The traditional computation of the hashes of interleaving windows generally works like this:

Input: [a,b,c,d,e]

Window size: 3

Hash#1: hash([a,b,c])

Hash#2: hash([b,c,d])

Hash#3: hash([c,d,e])

The Rabin-Karp implementation is very efficiently reuses the previous hash to calculate the new one:

Hash#1 = hash([a,b,c])

Hash#2 = Hash#1 – hash(a) + hash(d)

Hash#3 = Hash#2 – hash(b) + hash(e)

So, to calculate the next window’s hash all we need to do is to remove the window’s first element's ‘hash value’ from the current hash and add the new to it.

Even though a simple mathematical addition would do fine, it’s usually not preferred because it can cause high collision rate among the hash values:

a+b+c = a+c+b = b+a+c = b+c+a = c+a+b = c+b+a

**!**

However, Rabin-Karp algorithm typically works with the powers of a prime number to do calculate the hash.

p^(n)*a[x] + p^(n-1)*a[x-1] + ... + a[0]

Lets say the prime is 7 (seven is not too good choice for hash in the MOD 2^32 number space):

49*a + 7*b + c <> 49*b + 7*a + c <> ….

[note: of course the inequality is not true with some values]

Using the previous example, if we know the hash of [a,b,c] the next hash window is straightforward:

Hash#2 = (Hash#1 – 49*a ) * 7 + d

= (49a + 7b + c - 49a) * 7 + d

= (7b + c) * 7 + d

= 49b + 7c + d

The nice thing about it is it requires constant number of operations and does not depend on the size of the window.

**Pattern matching**

One of the (not too exciting) usages of the Rabin-Karp algorithm is pattern matching: finding a short string sample in a large text corpus.
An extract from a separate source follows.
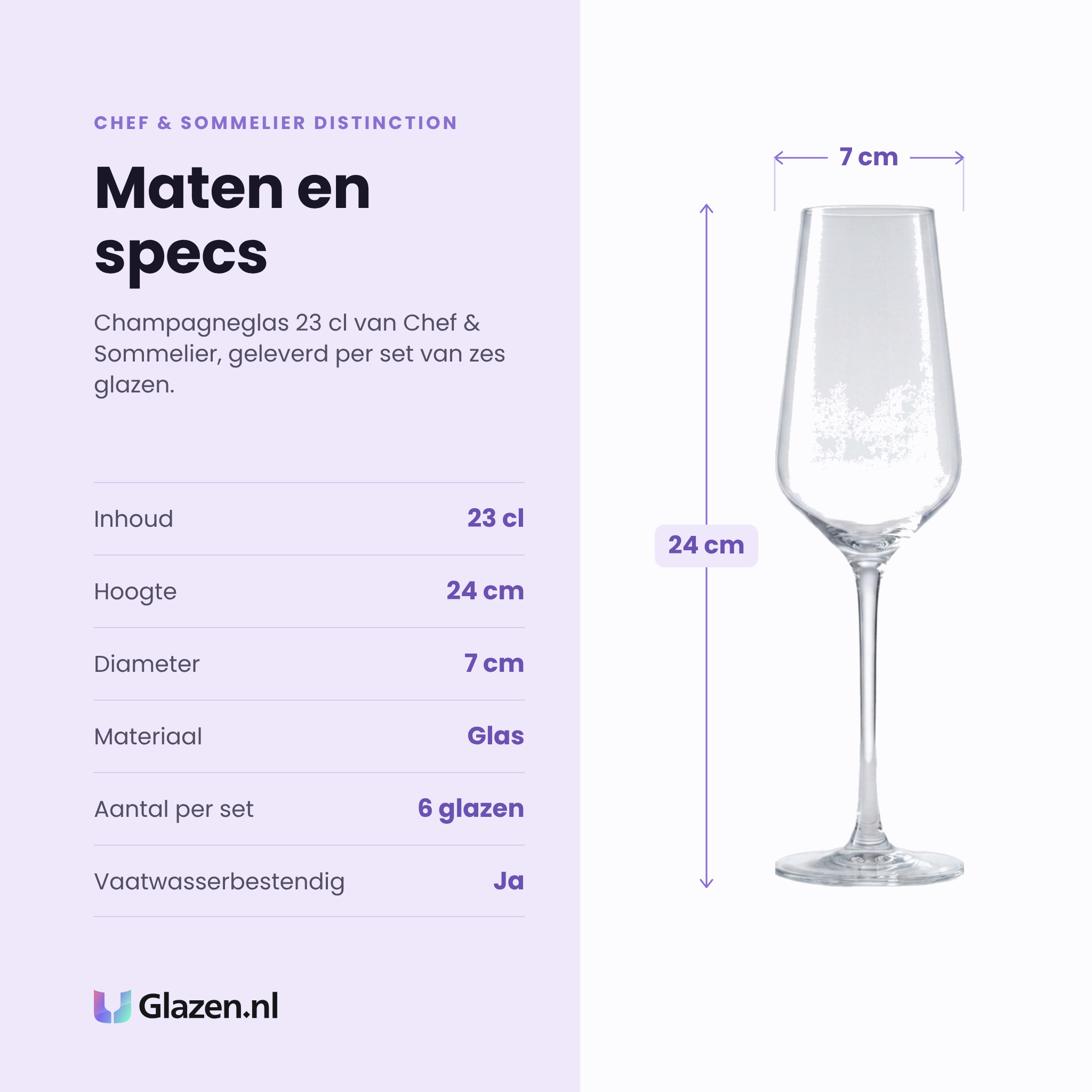 Chef & Sommelier Distinction champagneglas 23 cl specificaties: inhoud 23 cl, hoogte 24 cm, diameter 7 cm, glas, set van 6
The reason it’s not too exciting because there are many other specifically text searching algorithms whose running time is generally better than Rabin-Karp (the latter runs in O(len(text) + len(pattern)) on average but worst case is O(len(text) * len(pattern)) when hash equality is too frequent).

**Variable file chunk size slicing**

However, the content-based file chunking is a very interesting application of the Rabin-Karp algorithm. Let’s see the following problem:

One’s got a large file which hash been modified at some location(s). Modification can be add/remove/replace. Check which sections of the file have been modified.

Original This is text. This will be removed. This will be modified. The end. |
Modified This is text. This has been modified. The end. |

If we create a fixed size window (10 bytes) to check the file then apart from the first window ('This is te') every other have been modified, even though it’s clear that this is not what happened.

However, we can say we are aiming to get a window size about 16 bytes. This means, that if we used a 4 bit counter we would want to create a new window when the bits are all zeroes after incrementing it:

0000 – Window start

0001

…

1111

0000 – New window start

We can do exactly the same with Rabin-Karp rolling hash: start a new window when the bits of the hash are all zeroes!

If we are aiming for a ~8k window size, we’d need to use the lowest 13 bits of the hash to decide when to start a new window. This method gives very reasonable window sizes (tested on a ~300mb binary installer file):

Min window: 1

Max window: 81287

Average window: 8132

Median window: 5658

With this method, even if some parts of the file were modified, these modifications can only affect the current and potentially the next window, the rest would be identical slices.

So, we have a lot of reasonable sized chunks of a file. How to compare them to the original windows? The trivial answer would be to use byte-by-byte comparison but that is way too expensive. Simple hashing can be used to compare the content.

**Comparison by hashing**

Generally it’s very natural to say that just because of two hash values are the same it does not mean that the original values are the same too. Mathematically this is perfectly correct, although in practice most of the large hash outputs (128+ bits) are so unique that it is safe to assume that if the hash is the same, the original value was the same too.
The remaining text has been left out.